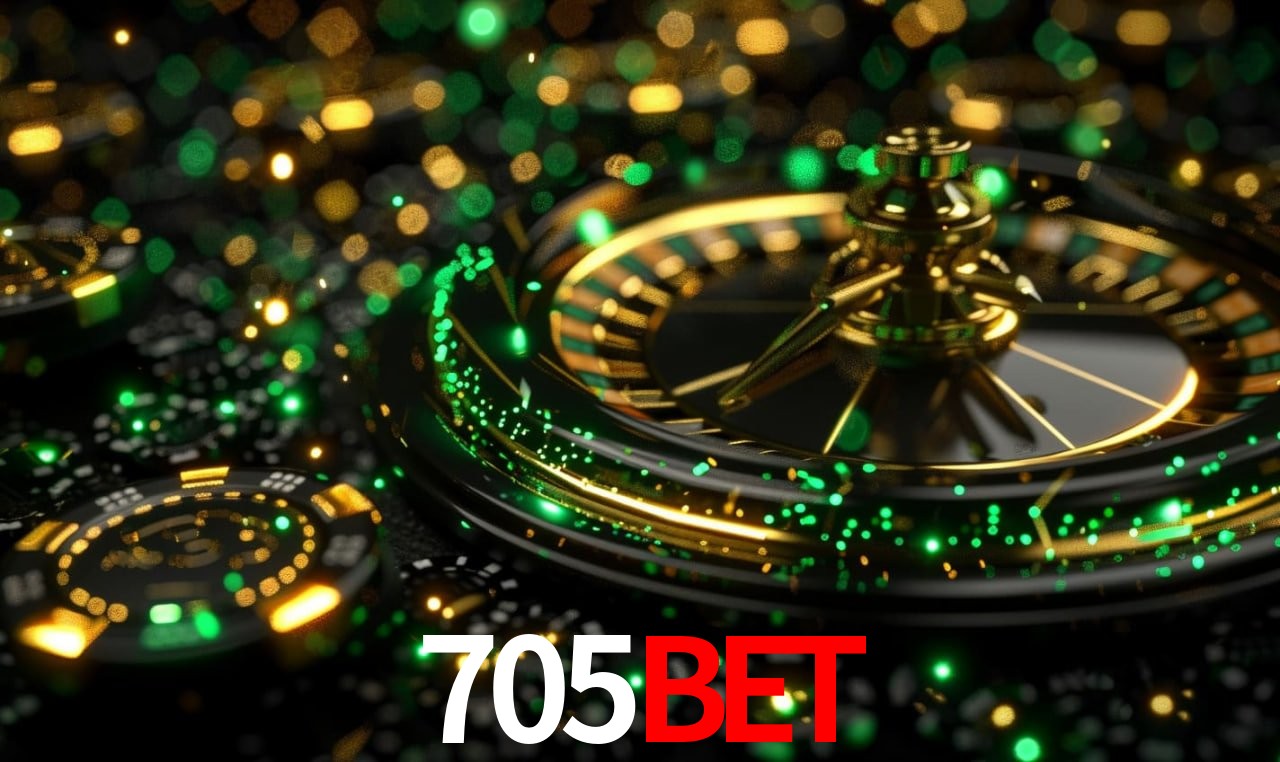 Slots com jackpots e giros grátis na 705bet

---

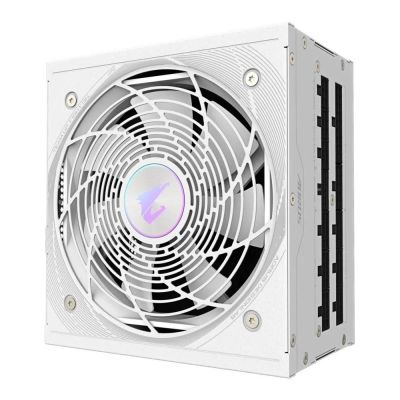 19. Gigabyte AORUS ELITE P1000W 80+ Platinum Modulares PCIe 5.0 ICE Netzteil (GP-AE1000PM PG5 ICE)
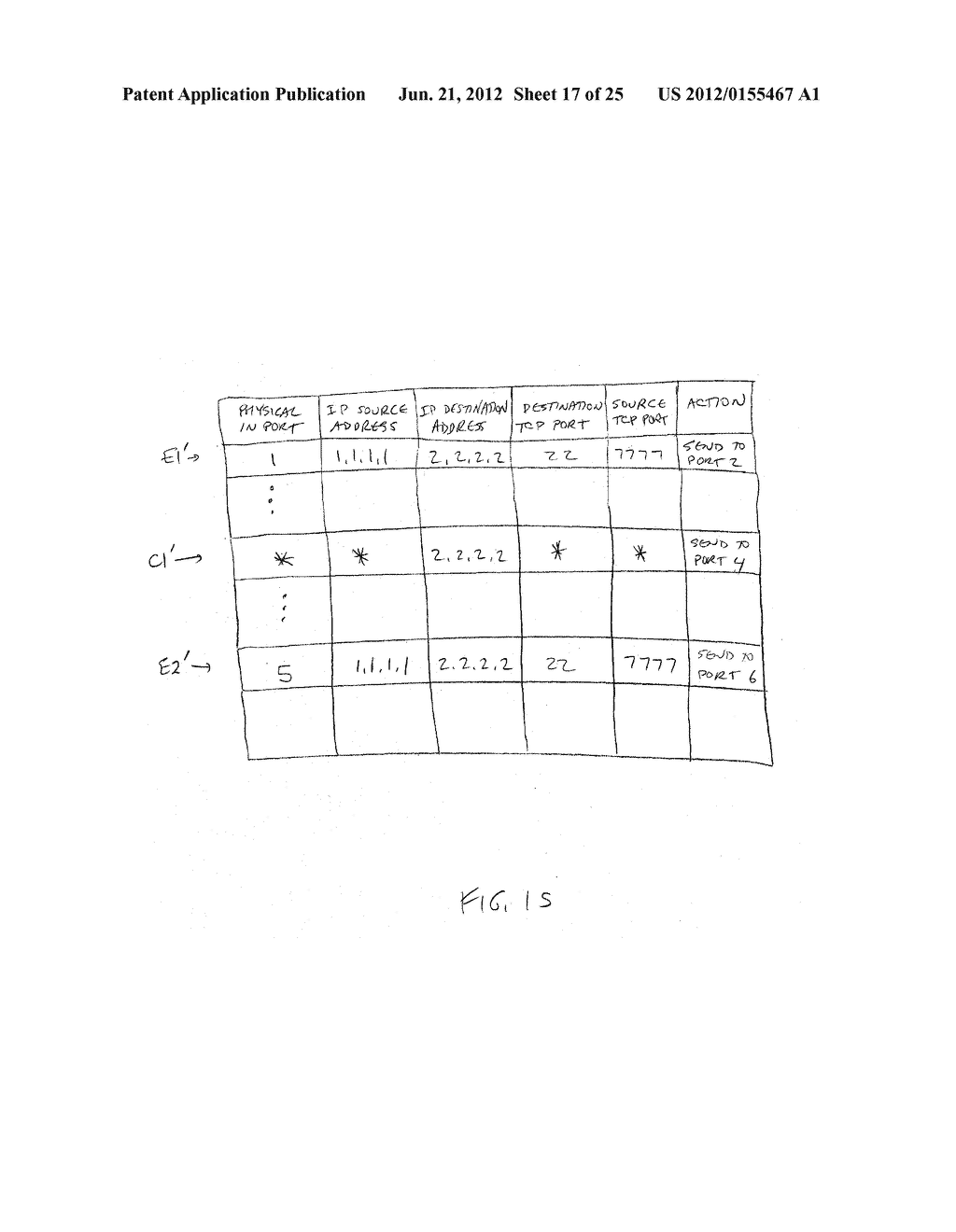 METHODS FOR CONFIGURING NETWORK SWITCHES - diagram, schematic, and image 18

---

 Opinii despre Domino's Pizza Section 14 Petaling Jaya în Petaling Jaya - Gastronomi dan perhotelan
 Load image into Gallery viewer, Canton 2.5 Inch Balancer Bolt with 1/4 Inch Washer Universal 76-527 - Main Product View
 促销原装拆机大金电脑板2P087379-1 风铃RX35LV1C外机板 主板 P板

---

WORK REQUIRED:
Every line above from the line with "Load image into" to the line with "促销原装拆机大金电脑板2P087379-1 风铃RX35LV1C外机板 主板 P板", inclusive, must be returned exactly; no other line belongs in the reply.

OUTPUT:
 Load image into Gallery viewer, Canton 2.5 Inch Balancer Bolt with 1/4 Inch Washer Universal 76-527 - Main Product View
 促销原装拆机大金电脑板2P087379-1 风铃RX35LV1C外机板 主板 P板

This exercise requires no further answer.